Sauropelta was one of the earliest known nodosaurids. All specimens of S. edwardsorum were recovered from the Little Sheep Mudstone section of the Cloverly Formation in Wyoming and Montana, which has been dated to 108.5 million years ago, during the Early Cretaceous. Sauropelta lived in wide floodplains around rivers that drained into the shallow inland sea to the north and east, carrying sediment eroded from the low mountains to the west. Periodic flooding of these rivers covered the surrounding plains with new muddy sediments, creating the Cloverly Formation and burying the remains of many animals, some of which would be fossilized. At the end of Cloverly times, the shallow sea would expand to cover the entire region and would eventually split North America completely in half, forming the Western Interior Seaway. Abundant fossil remains of coniferous trees suggest that these plains were covered in forest. Grasses would not evolve until later in the Cretaceous, so Sauropelta and other Early Cretaceous dinosaurian herbivores browsed from a variety of conifers and cycads. Nodosaurids like Sauropelta had narrow snouts, an adaptation seen today in animals that are selective browsers as opposed to the wide muzzles of grazers.

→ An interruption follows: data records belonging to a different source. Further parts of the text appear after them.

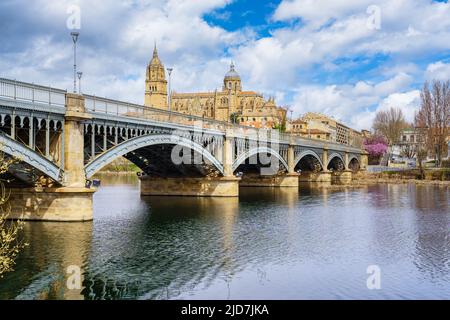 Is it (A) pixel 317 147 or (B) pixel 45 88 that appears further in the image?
(A) pixel 317 147

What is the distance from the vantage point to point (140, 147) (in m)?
46.7

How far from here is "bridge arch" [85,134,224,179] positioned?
39594 millimetres

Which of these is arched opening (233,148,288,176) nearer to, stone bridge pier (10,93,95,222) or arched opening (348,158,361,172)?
stone bridge pier (10,93,95,222)

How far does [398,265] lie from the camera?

While Sauropelta was an important part of the Cloverly herbivore guild, the most abundant herbivorous dinosaur of the time was the large iguanodont Tenontosaurus. The smaller hypsilophodont Zephyrosaurus, rare titanosaurs, and an unknown type of ornithomimosaur also lived alongside Sauropelta. The dromaeosaurid theropod Deinonychus fed upon some of these herbivores, and the sheer number of Deinonychus teeth scattered throughout the formation are a testament to its abundance. Microvenator, a small basal oviraptorosaur, hunted smaller prey, while the apex predators of the Cloverly was the large carcharodontosaurid theropod Acrocanthosaurus. Lungfish, triconodont mammals, and several species of turtles lived in the Cloverly, while crocodilians prowled the rivers, lakes, and swamps, providing evidence of a year-round warm climate. The Late Jurassic fauna dominated by allosauroids, stegosaurs, and many varieties of huge sauropods gave way by Cloverly times to an Early Cretaceous fauna in which dromaeosaurs, ornithopods, and nodosaurs like Sauropelta were predominant. After the Cloverly ended, a large wave of Asian animals, including tyrannosaurids, ceratopsians, and ankylosaurids would disperse into western North America, forming the mixed fauna seen throughout the Late Cretaceous.